Delhi High Court Bharat Bhusan Malhotra S/O. Late … vs The State, G.E. Money Housing … on 22 November, 2007Author: V Gupta Bench: V Gupta

JUDGMENT

V.B. Gupta, J.

Page 3035

1. This petition under Section 482 Cr.P.C. has been filed for issuing directions for calling for records pertaining to FIR No. 809/2007 P.S. Saraswati Vihar, New Delhi and quashing of the same.

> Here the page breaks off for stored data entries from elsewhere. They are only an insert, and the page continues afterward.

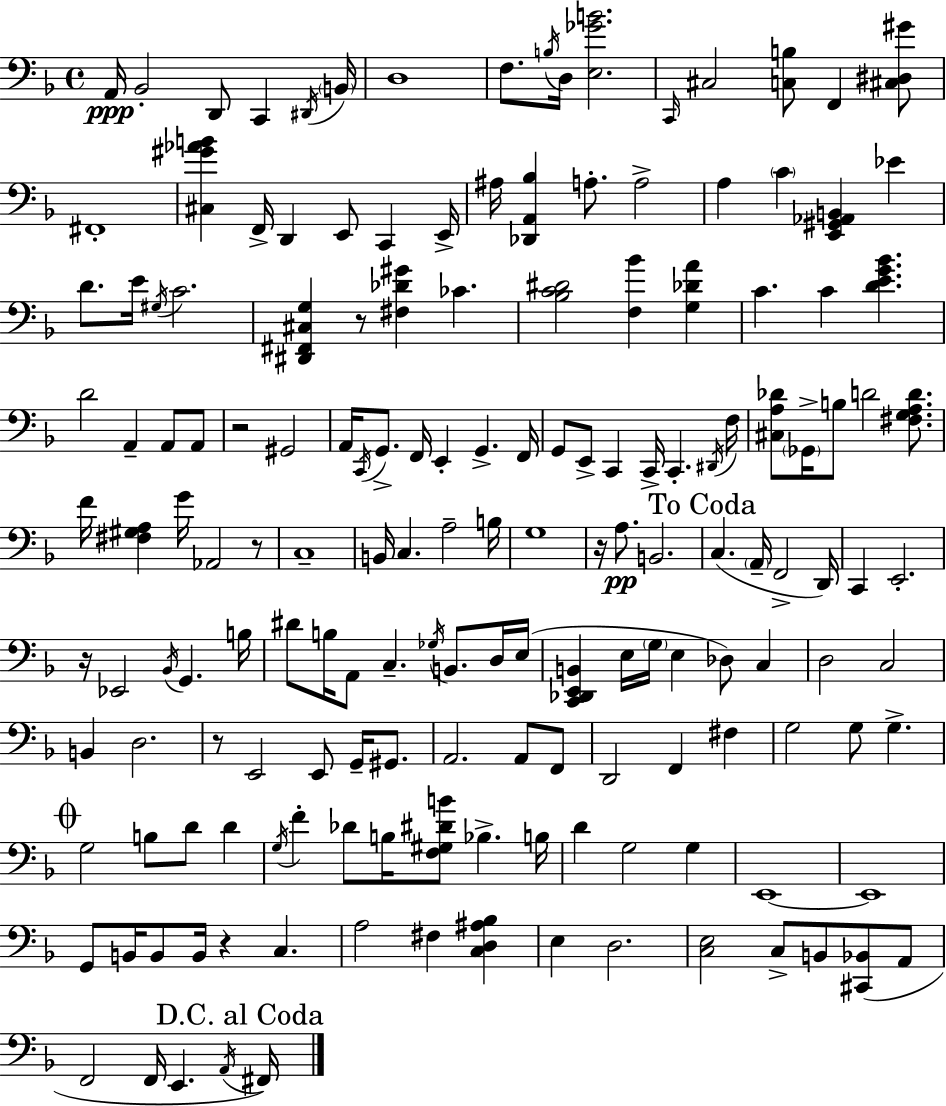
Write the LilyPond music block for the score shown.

{
  \clef bass
  \time 4/4
  \defaultTimeSignature
  \key d \minor
  a,16\ppp bes,2-. d,8 c,4 \acciaccatura { dis,16 } | \parenthesize b,16 d1 | f8. \acciaccatura { b16 } d16 <e ges' b'>2. | \grace { c,16 } cis2 <c b>8 f,4 | \break <cis dis gis'>8 fis,1-. | <cis gis' aes' b'>4 f,16-> d,4 e,8 c,4 | e,16-> ais16 <des, a, bes>4 a8.-. a2-> | a4 \parenthesize c'4 <e, gis, aes, b,>4 ees'4 | \break d'8. e'16 \acciaccatura { gis16 } c'2. | <dis, fis, cis g>4 r8 <fis des' gis'>4 ces'4. | <bes c' dis'>2 <f bes'>4 | <g des' a'>4 c'4. c'4 <d' e' g' bes'>4. | \break d'2 a,4-- | a,8 a,8 r2 gis,2 | a,16 \acciaccatura { c,16 } g,8.-> f,16 e,4-. g,4.-> | f,16 g,8 e,8-> c,4 c,16-> c,4.-. | \break \acciaccatura { dis,16 } f16 <cis a des'>8 \parenthesize ges,16-> b8 d'2 | <fis g a d'>8. f'16 <fis gis a>4 g'16 aes,2 | r8 c1-- | b,16 c4. a2-- | \break b16 g1 | r16 a8.\pp b,2. | \mark "To Coda" c4.( \parenthesize a,16-- f,2-> | d,16) c,4 e,2.-. | \break r16 ees,2 \acciaccatura { bes,16 } | g,4. b16 dis'8 b16 a,8 c4.-- | \acciaccatura { ges16 } b,8. d16 e16( <c, des, e, b,>4 e16 \parenthesize g16 e4 | des8) c4 d2 | \break c2 b,4 d2. | r8 e,2 | e,8 g,16-- gis,8. a,2. | a,8 f,8 d,2 | \break f,4 fis4 g2 | g8 g4.-> \mark \markup { \musicglyph "scripts.coda" } g2 | b8 d'8 d'4 \acciaccatura { g16 } f'4-. des'8 b16 | <f gis dis' b'>8 bes4.-> b16 d'4 g2 | \break g4 e,1~~ | e,1 | g,8 b,16 b,8 b,16 r4 | c4. a2 | \break fis4 <c d ais bes>4 e4 d2. | <c e>2 | c8-> b,8 <cis, bes,>8( a,8 f,2 | f,16 e,4. \acciaccatura { a,16 }) \mark "D.C. al Coda" fis,16 \bar "|."
}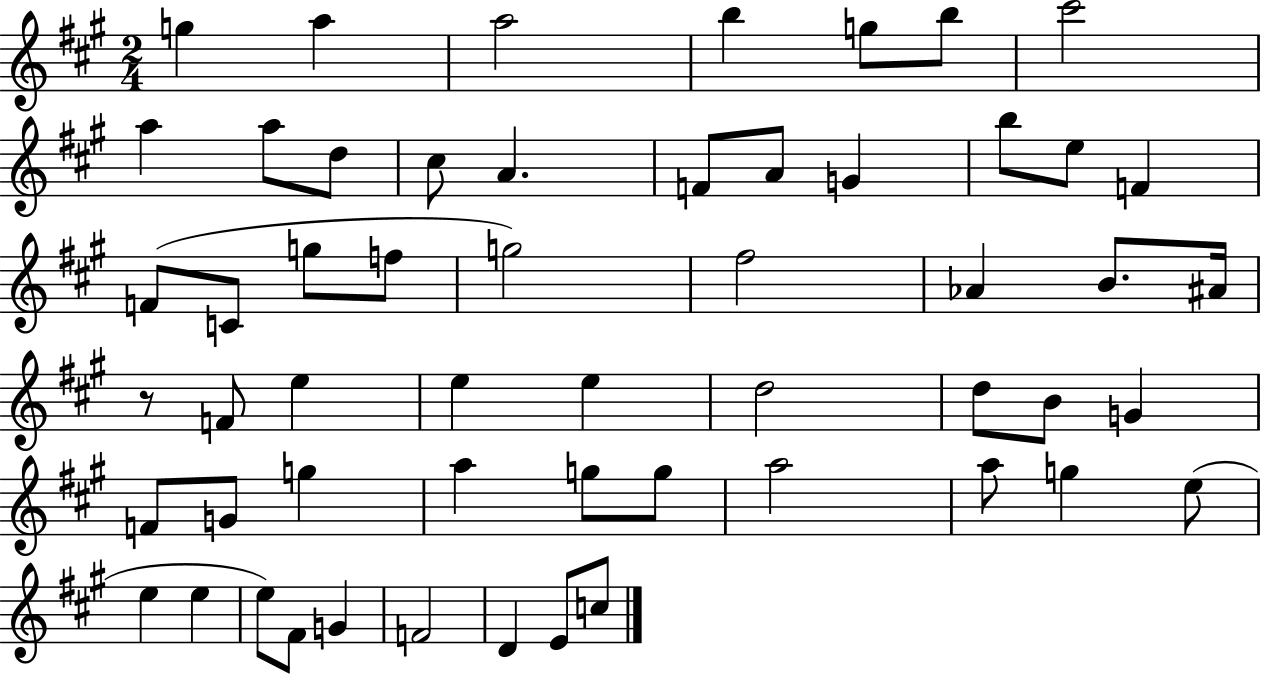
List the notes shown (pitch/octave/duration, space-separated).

G5/q A5/q A5/h B5/q G5/e B5/e C#6/h A5/q A5/e D5/e C#5/e A4/q. F4/e A4/e G4/q B5/e E5/e F4/q F4/e C4/e G5/e F5/e G5/h F#5/h Ab4/q B4/e. A#4/s R/e F4/e E5/q E5/q E5/q D5/h D5/e B4/e G4/q F4/e G4/e G5/q A5/q G5/e G5/e A5/h A5/e G5/q E5/e E5/q E5/q E5/e F#4/e G4/q F4/h D4/q E4/e C5/e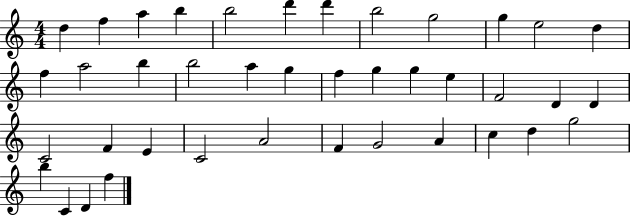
{
  \clef treble
  \numericTimeSignature
  \time 4/4
  \key c \major
  d''4 f''4 a''4 b''4 | b''2 d'''4 d'''4 | b''2 g''2 | g''4 e''2 d''4 | \break f''4 a''2 b''4 | b''2 a''4 g''4 | f''4 g''4 g''4 e''4 | f'2 d'4 d'4 | \break c'2 f'4 e'4 | c'2 a'2 | f'4 g'2 a'4 | c''4 d''4 g''2 | \break b''4 c'4 d'4 f''4 | \bar "|."
}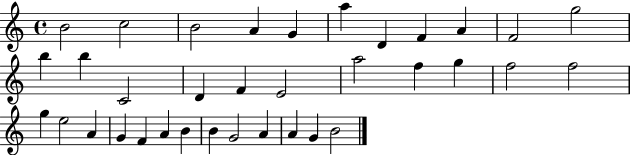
X:1
T:Untitled
M:4/4
L:1/4
K:C
B2 c2 B2 A G a D F A F2 g2 b b C2 D F E2 a2 f g f2 f2 g e2 A G F A B B G2 A A G B2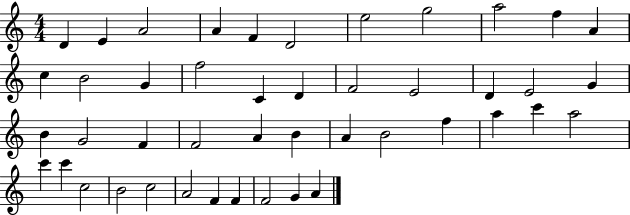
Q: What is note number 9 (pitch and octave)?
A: A5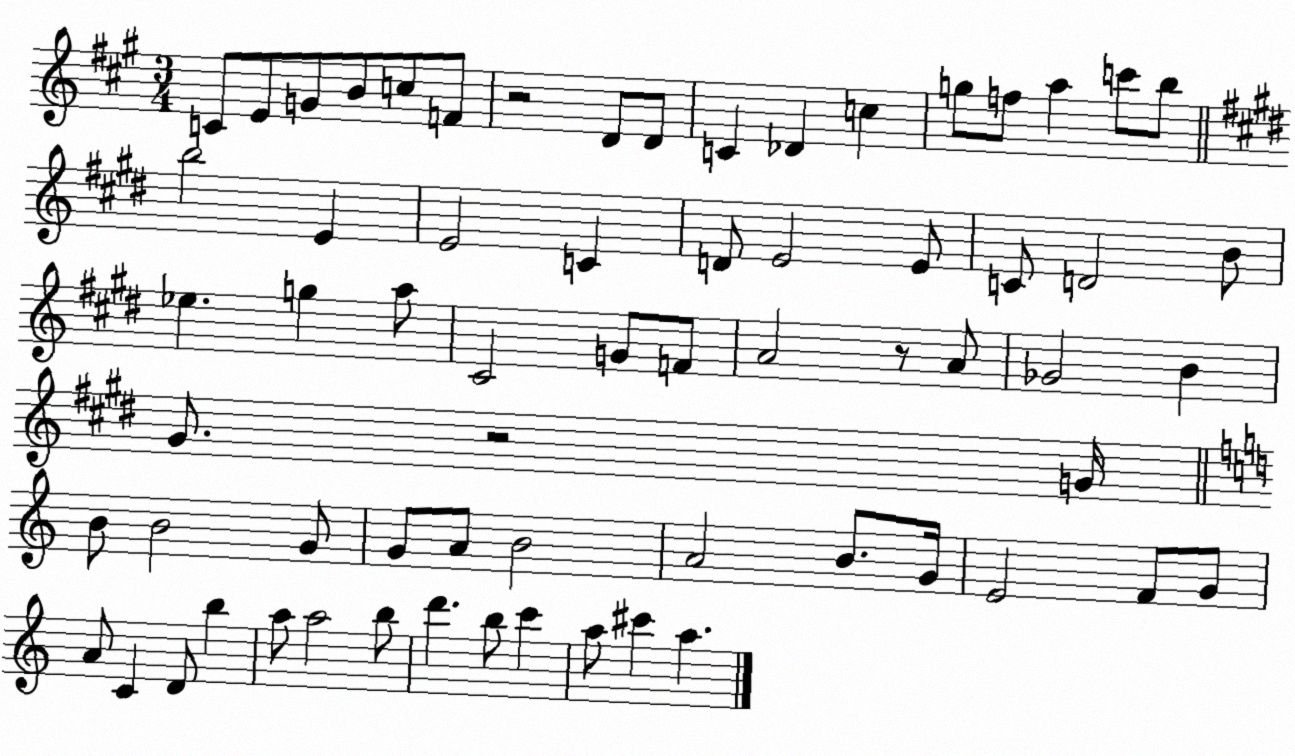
X:1
T:Untitled
M:3/4
L:1/4
K:A
C/2 E/2 G/2 B/2 c/2 F/2 z2 D/2 D/2 C _D c g/2 f/2 a c'/2 b/2 b2 E E2 C D/2 E2 E/2 C/2 D2 B/2 _e g a/2 ^C2 G/2 F/2 A2 z/2 A/2 _G2 B ^G/2 z2 G/4 B/2 B2 G/2 G/2 A/2 B2 A2 B/2 G/4 E2 F/2 G/2 A/2 C D/2 b a/2 a2 b/2 d' b/2 c' a/2 ^c' a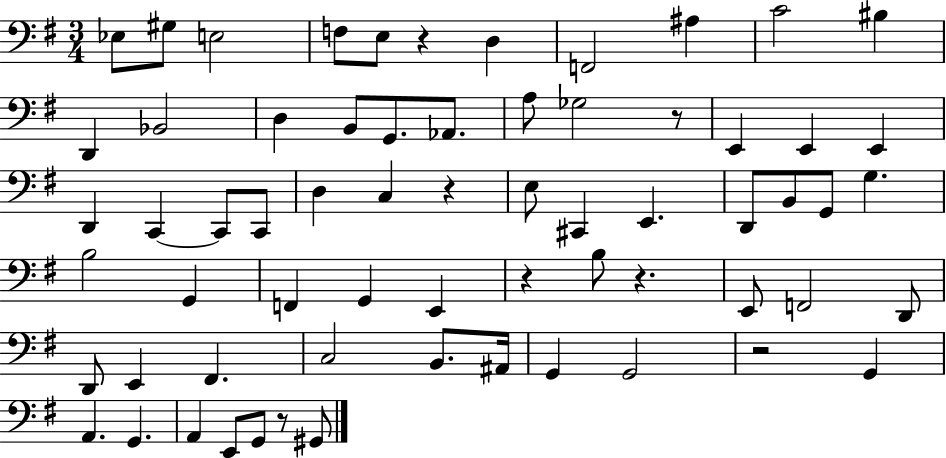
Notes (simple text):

Eb3/e G#3/e E3/h F3/e E3/e R/q D3/q F2/h A#3/q C4/h BIS3/q D2/q Bb2/h D3/q B2/e G2/e. Ab2/e. A3/e Gb3/h R/e E2/q E2/q E2/q D2/q C2/q C2/e C2/e D3/q C3/q R/q E3/e C#2/q E2/q. D2/e B2/e G2/e G3/q. B3/h G2/q F2/q G2/q E2/q R/q B3/e R/q. E2/e F2/h D2/e D2/e E2/q F#2/q. C3/h B2/e. A#2/s G2/q G2/h R/h G2/q A2/q. G2/q. A2/q E2/e G2/e R/e G#2/e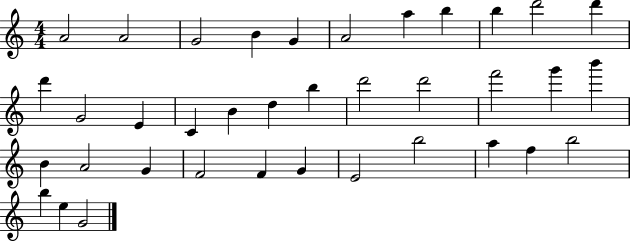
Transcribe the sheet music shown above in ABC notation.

X:1
T:Untitled
M:4/4
L:1/4
K:C
A2 A2 G2 B G A2 a b b d'2 d' d' G2 E C B d b d'2 d'2 f'2 g' b' B A2 G F2 F G E2 b2 a f b2 b e G2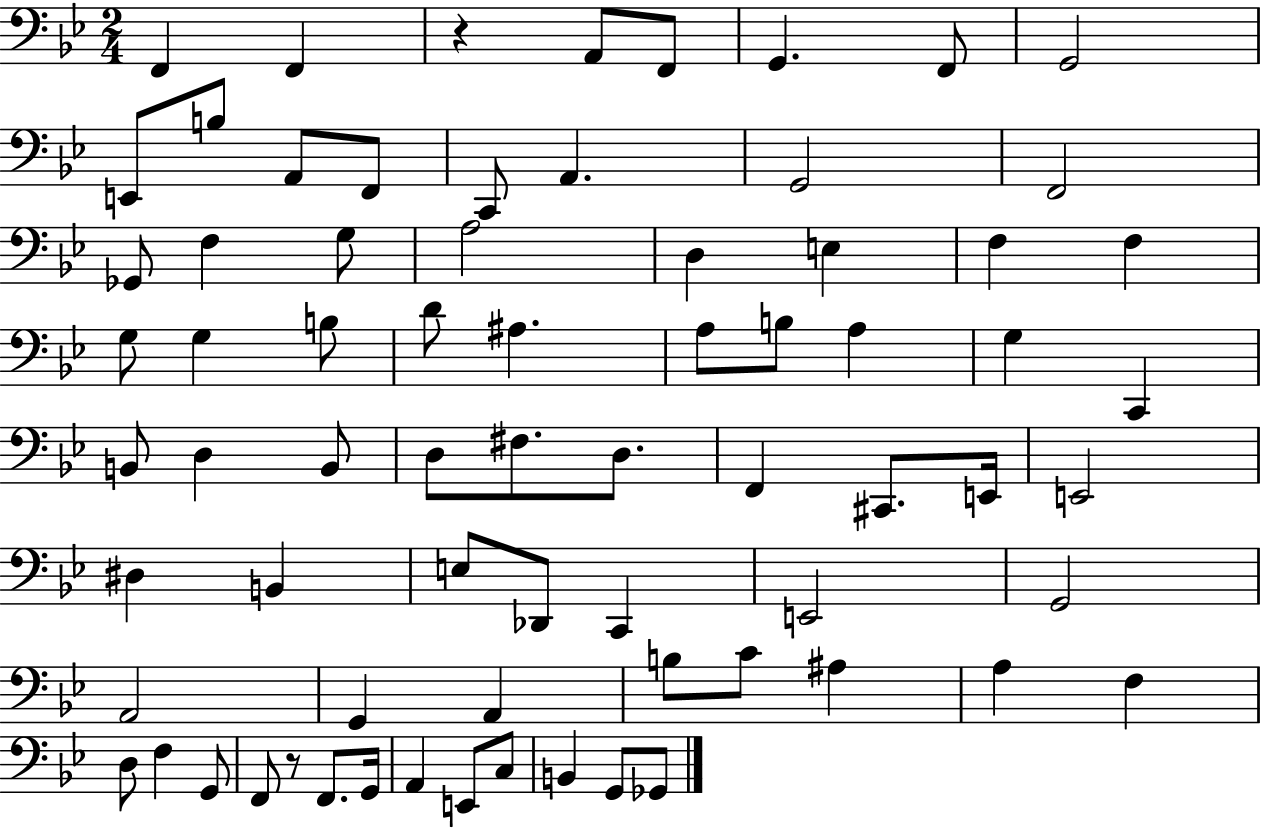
F2/q F2/q R/q A2/e F2/e G2/q. F2/e G2/h E2/e B3/e A2/e F2/e C2/e A2/q. G2/h F2/h Gb2/e F3/q G3/e A3/h D3/q E3/q F3/q F3/q G3/e G3/q B3/e D4/e A#3/q. A3/e B3/e A3/q G3/q C2/q B2/e D3/q B2/e D3/e F#3/e. D3/e. F2/q C#2/e. E2/s E2/h D#3/q B2/q E3/e Db2/e C2/q E2/h G2/h A2/h G2/q A2/q B3/e C4/e A#3/q A3/q F3/q D3/e F3/q G2/e F2/e R/e F2/e. G2/s A2/q E2/e C3/e B2/q G2/e Gb2/e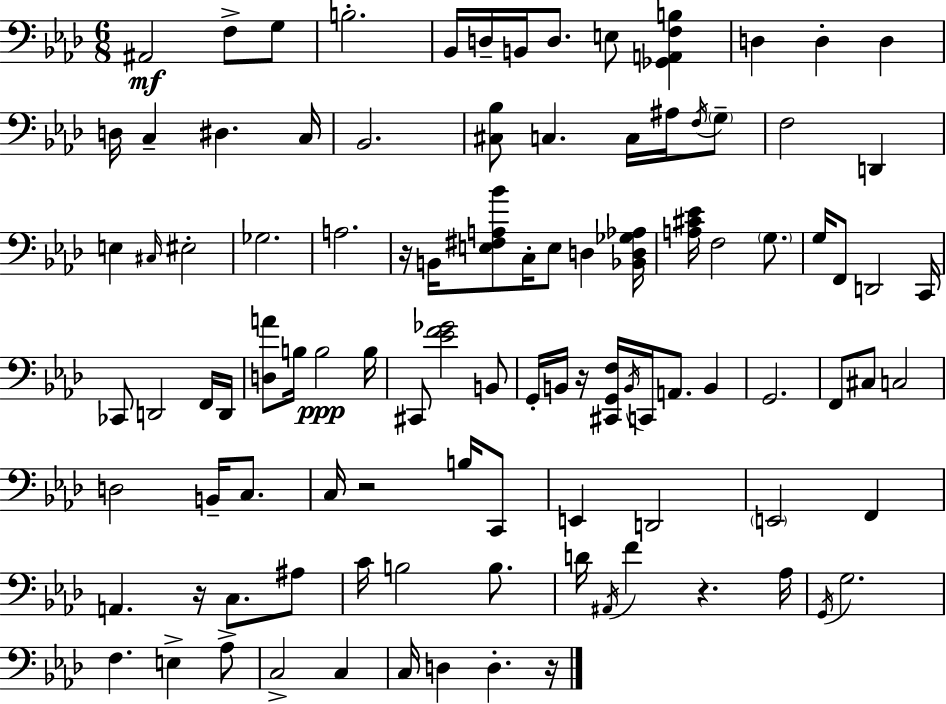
X:1
T:Untitled
M:6/8
L:1/4
K:Fm
^A,,2 F,/2 G,/2 B,2 _B,,/4 D,/4 B,,/4 D,/2 E,/2 [_G,,A,,F,B,] D, D, D, D,/4 C, ^D, C,/4 _B,,2 [^C,_B,]/2 C, C,/4 ^A,/4 F,/4 G,/2 F,2 D,, E, ^C,/4 ^E,2 _G,2 A,2 z/4 B,,/4 [E,^F,A,_B]/2 C,/4 E,/2 D, [_B,,D,_G,_A,]/4 [A,^C_E]/4 F,2 G,/2 G,/4 F,,/2 D,,2 C,,/4 _C,,/2 D,,2 F,,/4 D,,/4 [D,A]/2 B,/4 B,2 B,/4 ^C,,/2 [_EF_G]2 B,,/2 G,,/4 B,,/4 z/4 [^C,,G,,F,]/4 B,,/4 C,,/4 A,,/2 B,, G,,2 F,,/2 ^C,/2 C,2 D,2 B,,/4 C,/2 C,/4 z2 B,/4 C,,/2 E,, D,,2 E,,2 F,, A,, z/4 C,/2 ^A,/2 C/4 B,2 B,/2 D/4 ^A,,/4 F z _A,/4 G,,/4 G,2 F, E, _A,/2 C,2 C, C,/4 D, D, z/4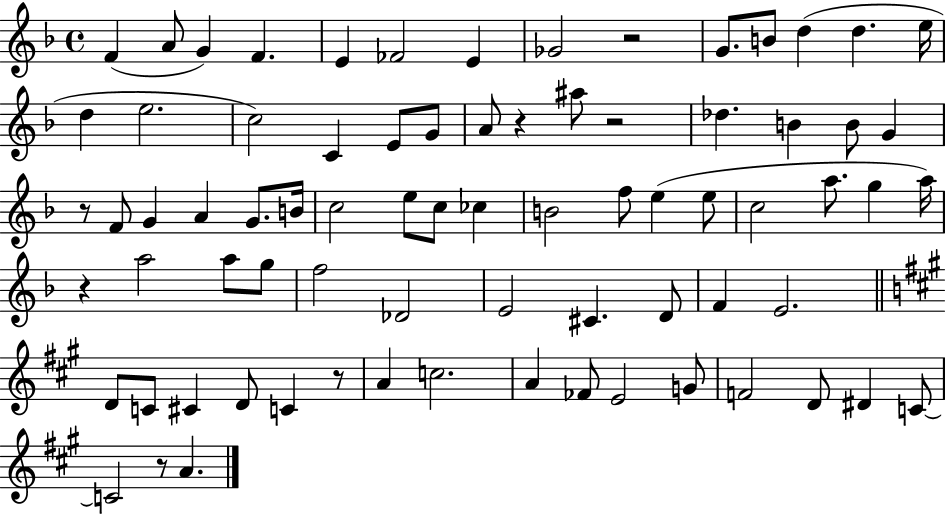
{
  \clef treble
  \time 4/4
  \defaultTimeSignature
  \key f \major
  f'4( a'8 g'4) f'4. | e'4 fes'2 e'4 | ges'2 r2 | g'8. b'8 d''4( d''4. e''16 | \break d''4 e''2. | c''2) c'4 e'8 g'8 | a'8 r4 ais''8 r2 | des''4. b'4 b'8 g'4 | \break r8 f'8 g'4 a'4 g'8. b'16 | c''2 e''8 c''8 ces''4 | b'2 f''8 e''4( e''8 | c''2 a''8. g''4 a''16) | \break r4 a''2 a''8 g''8 | f''2 des'2 | e'2 cis'4. d'8 | f'4 e'2. | \break \bar "||" \break \key a \major d'8 c'8 cis'4 d'8 c'4 r8 | a'4 c''2. | a'4 fes'8 e'2 g'8 | f'2 d'8 dis'4 c'8~~ | \break c'2 r8 a'4. | \bar "|."
}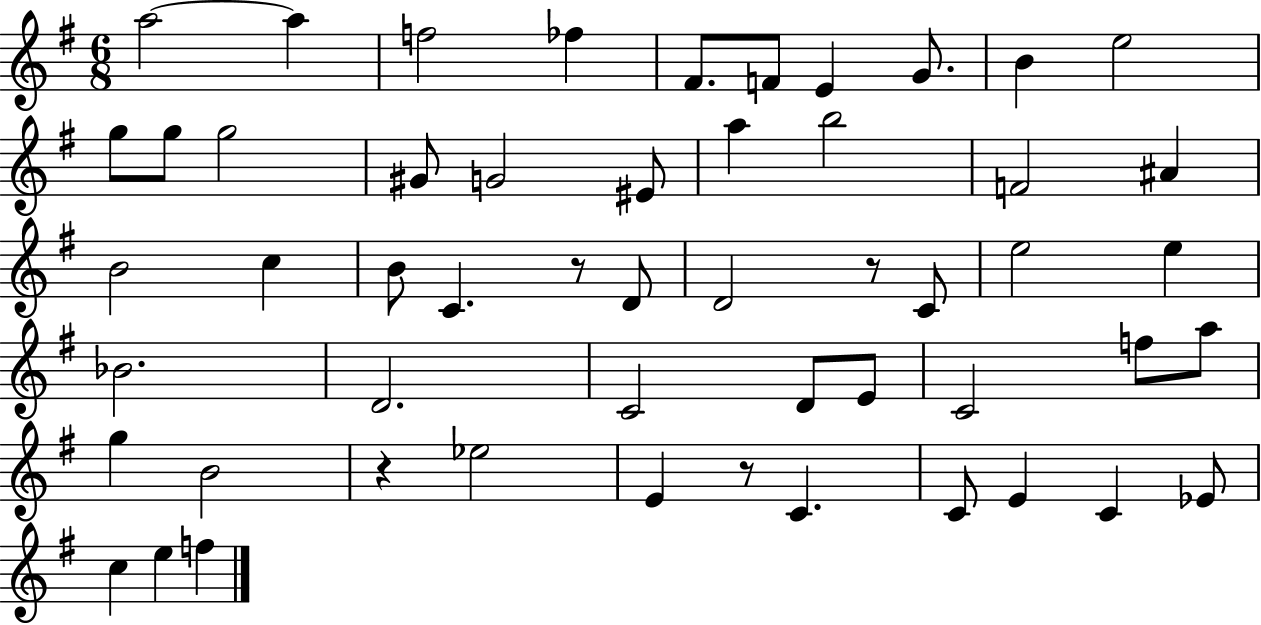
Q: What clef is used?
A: treble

2. The FIR in question was registered under Section 420/406/467/468/120B IPC against the present petitioner. The allegations in the FIR are that petitioner obtained home loan for purchase of second floor of property No. H-9/12, Malviya Nagar, New Delhi, which property was shown by the complainant to the petitioner prior to entering into home loan agreement. Before granting the loan, the officials of the complainant went through all the legal formalities, that is, the complainant obtained non-encumbrance certificate after getting the verification through their Advocate. The petitioner had sent a notice dated 28.4.2006 to the complainant, and complainant vide reply dated 10.5.2006, admitted that the loan was sanctioned after verification of the title deed. The loan amount was disbursed Page 3036 to the petitioner after completing title search with regard to the ownership of the said property. The petitioner created equitable mortgage in respect of the said property and the original sale deed was submitted after disbursement of the loan. The amount of loan was disbursed by the complainant by cheque in the name of seller namely Shri. Narinder Singh Negi and a sum of Rs. 96,000/- was given to the petitioner Brij Bhusan Malhotra. One Mr. Surendra Mohan Tiwari has filed a Civil Suit against the petitioner as well as co-accused Narinder Singh Negi, Sanjiv Tiwari and others, bearing Suit No. 225/05 for cancellation of documents in favor of the petitioner, which is pending in the court of Shri A.K. Pathak, Additional District Judge. It is further alleged that Sh. Narinder Singh Negi had already sold the said house to Sh. Surendra Mohan Tiwari in the year 1997 and petitioner was not in the possession of the property. The petitioner has thus cheated the complainant by concealing the fact that property in question has already been sold to Sh. Surendra Mohan Tiwari.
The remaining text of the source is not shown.